First, we examined the bioactivity and the specificity of the purified IgG4 samples against rat Nfasc155 and rat nervous tissues, as our goal was to test the pathogenic function of these antibodies in rodent models. We confirmed that these purified IgG4 fractions reacted against rat Nfasc155 by Western blot against rat brain protein samples (Supplemental Figure 2B), but also by immunostaining on rat Nfasc155–expressing human embryonic kidney 293 (HEK293) cells and on teased rat sciatic nerve fibers (Supplemental Figures 3 and 4). The reactivity of IgG4 fractions against rat brain samples, rat Nfasc155, or rat sciatic nerves was abrogated after elimination of anti-Nfasc155 antibodies by immunoadsorption against Nfasc155 (Supplemental Figures 2–4). This clearly indicated that the paranodal fixation was due to a specific reactivity against Nfasc155. In keeping, no reactivity was found against rat CASPR1/CNTN1 or rat Nfasc186 (Supplemental Figure 3).

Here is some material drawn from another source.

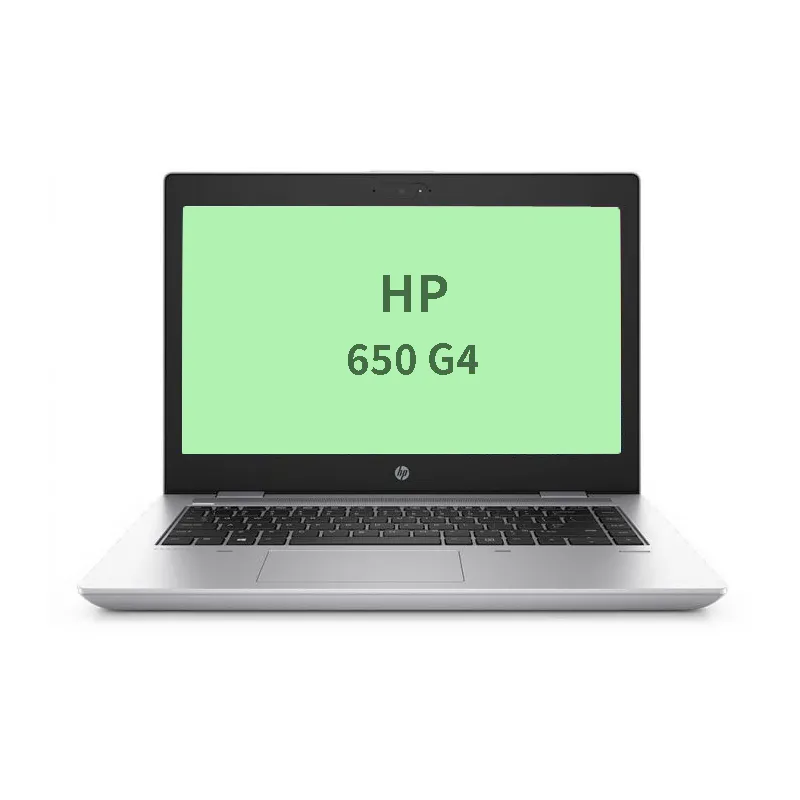 HP ProBook 650 G4 15.6" (1.90GHz i5-8650u, 16GB, 512GB SSD)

We next investigated whether anti-Nfasc155 IgG4 may affect the interaction between Nfasc155 and its axonal partners CNTN1 and CASPR1 using a cell aggregation assay. For that purpose, HEK293 cells were transfected with mCherry-conjugated rat Nfasc155, or with CNTN1 and GFP-tagged CASPR1. Cells were then mixed together and incubated for 2 hours under gentle agitation to enable cell aggregate formation. The percentage of cell aggregates showing contacts between mCherry-expressing (red) and GFP-expressing (green) cells was then quantified, as well as the percentage of green cells per aggregate. As negative controls, Nfasc155-expressing cells were incubated with cells expressing GFP alone. Under such conditions, minimal interaction was observed between Nfasc155- and GFP-expressing cells (Figure 1), and most cell aggregates contained either only Nfasc155-expressing cells or only GFP-expressing cells. By contrast, Nfasc155-expressing cells formed numerous interactions with CNTN1/CASPR1–expressing cells, and most cell aggregates contained 50% green and red cells (Figure 1). To test the efficacy of anti-Nfasc155 IgG4 to dismantle these aggregates, 10 μg of IgG4 was added to the cell mixture during the 2-hour incubation step. For comparison, anti-CNTN1 IgG4 antibodies were also tested. As previously described (28), anti-CNTN1 IgG4 potently inhibited the interaction of Nfasc155-expressing cells with CNTN1/CASPR1. By contrast, anti-Nfasc155 IgG4 from the 3 distinct CIDP patients did not decrease cell-cell interaction (Figure 1). Interestingly, cell aggregates incubated with anti-Nfasc155 IgG4 presented a higher percentage of Nfasc155-expressing cells. This indicated that anti-Nfasc155 IgG4 antibodies do not prevent the interaction between Nfasc155 and its axonal partners CNTN1/CASPR1, but may favor Nfasc155 clustering.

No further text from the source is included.